Die Zahl der Asylbewerber, die nach Deutschland drängen, steigt rasant. Die Flüchtlinge werden auf Bundesländer, Bezirke und Landkreise aufgeteilt. Auch der Landkreis Erlangen-Höchstadt ist gezwungen, Asylbewerber unterzubringen. In einem Pressegespräch startete Landrat Eberhard Irlinger (SPD) am Montag einen Hilferuf.

"Wir haben schon ein Problem, wenn wir, wie jetzt, 15 neue zugeteilt bekommen", schilderte Irlinger die aktuelle Situation. Im Landkreis Erlangen-Höchstadt leben derzeit 94 Asylbewerber in der staatlichen Gemeinschaftsunterkunft in Höchstadt und weitere insgesamt 49 in vom Landkreis angemieteten dezentralen Unterkünften in Möhrendorf und Heßdorf.

Weil es an staatlichen Unterbringungsmöglichkeiten mangelt, müssen Landkreise und kreisfreie Städte in Bayern die Flüchtlinge in den nächsten Monaten vorrangig dezentral unterbringen.
Im Kreis Erlangen-Höchstadt rechnet man "mit monatlichen Zuweisungen zwischen elf und 15 Personen".

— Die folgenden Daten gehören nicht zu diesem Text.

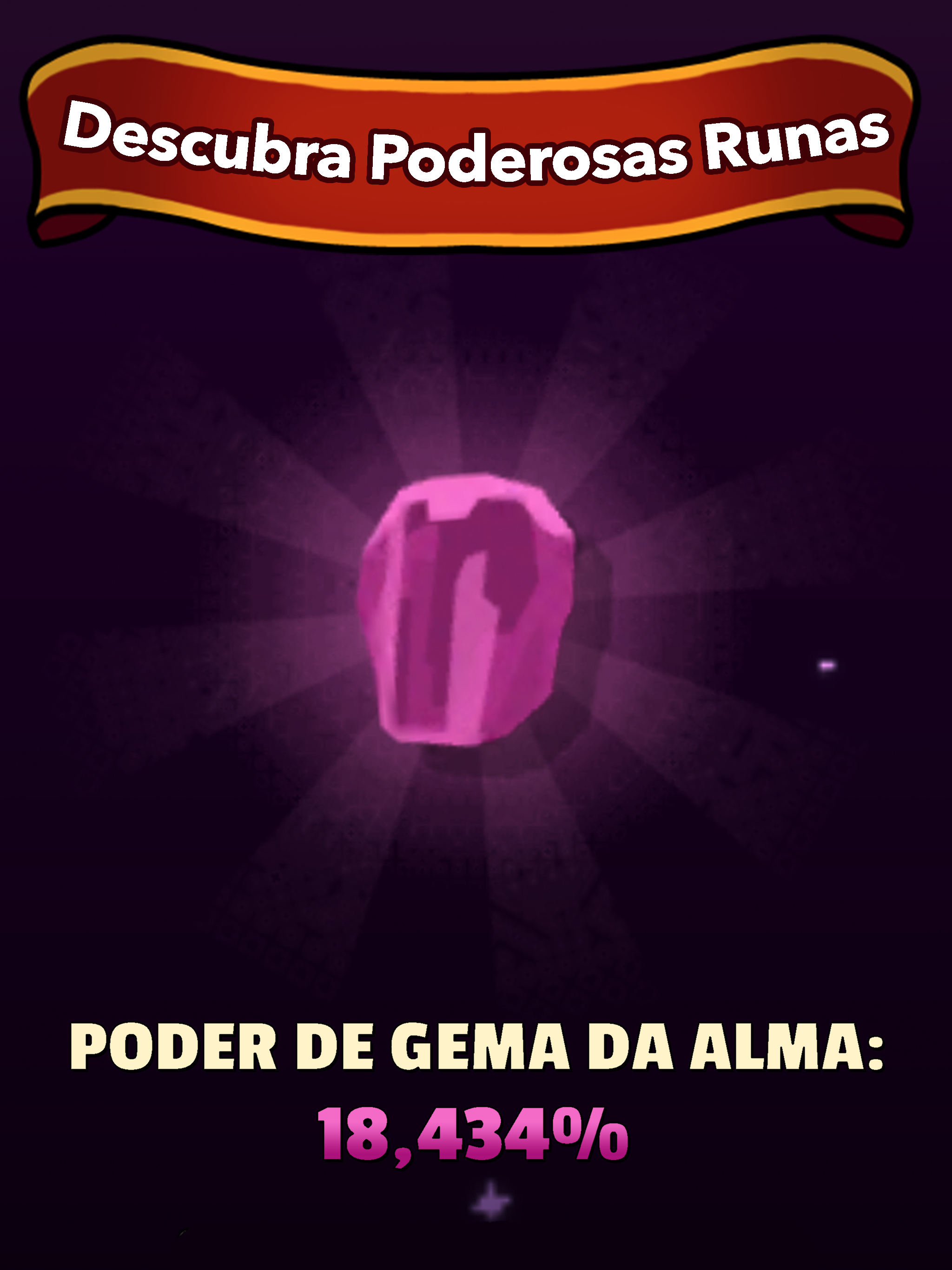 Captura de Tela do Jogo Blacksmith - Merge Idle RPG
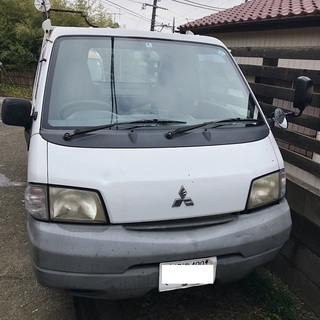 3人乗り　850　トラックが不要になりました。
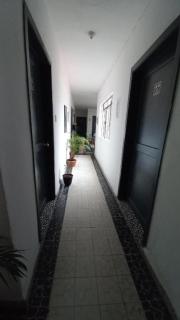 A9 Cuarto con baño propio Condesa Amsterdam - Città del Messico - 7
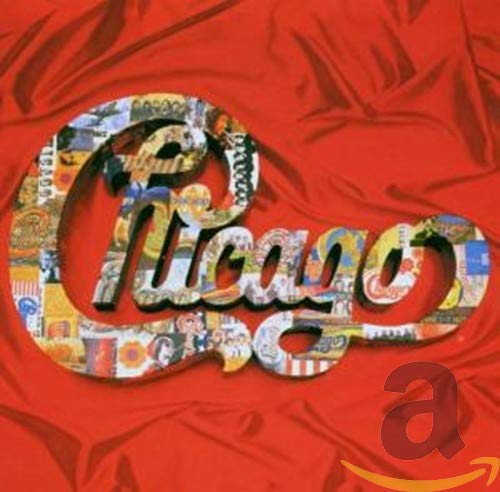 Heart of Chicago [CD] Chicago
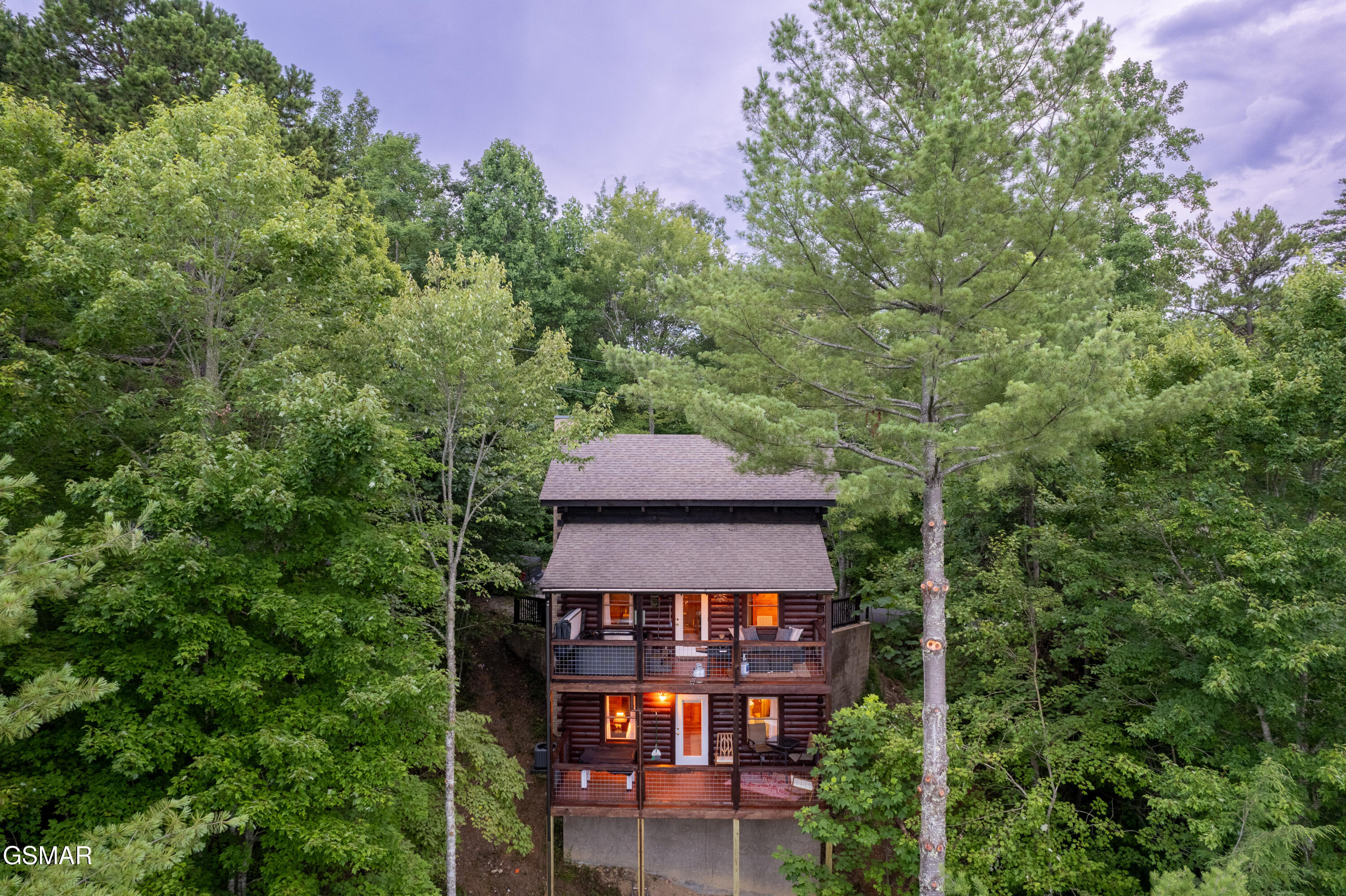 4186 Evans Chapel Road Sevierville TN 37876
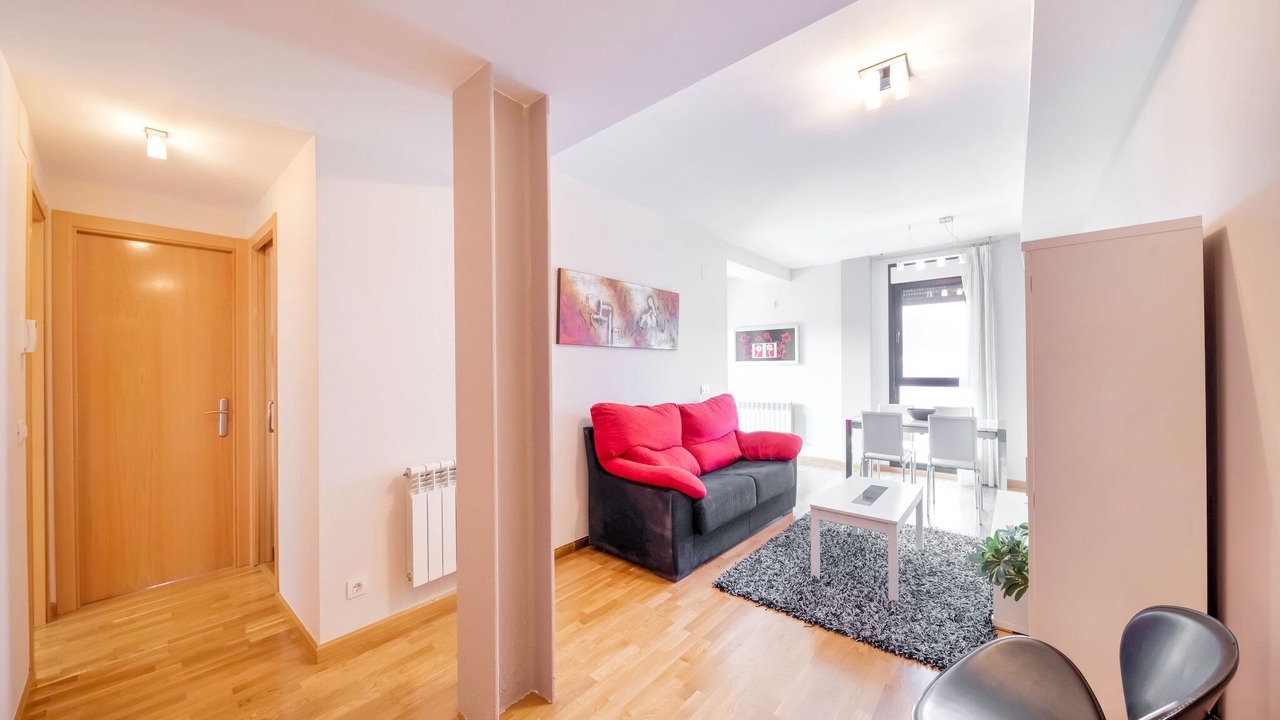 Photo of Livingroom in Ciruena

Auch wenn die Menschen der Kreisverwaltung willkommen sind, weiß Landrat Irlinger im Augenblick nicht, wo er sie unterbringen soll. Vor diesem Hintergrund bleibt ihm nichts anderes übrig, als an alle Bürgermeister im Kreis zu appellieren, Räume oder Grundstücke in ihren Gemeinden zu melden, die für die Unterbringung von Asylbewerbern geeignet wären.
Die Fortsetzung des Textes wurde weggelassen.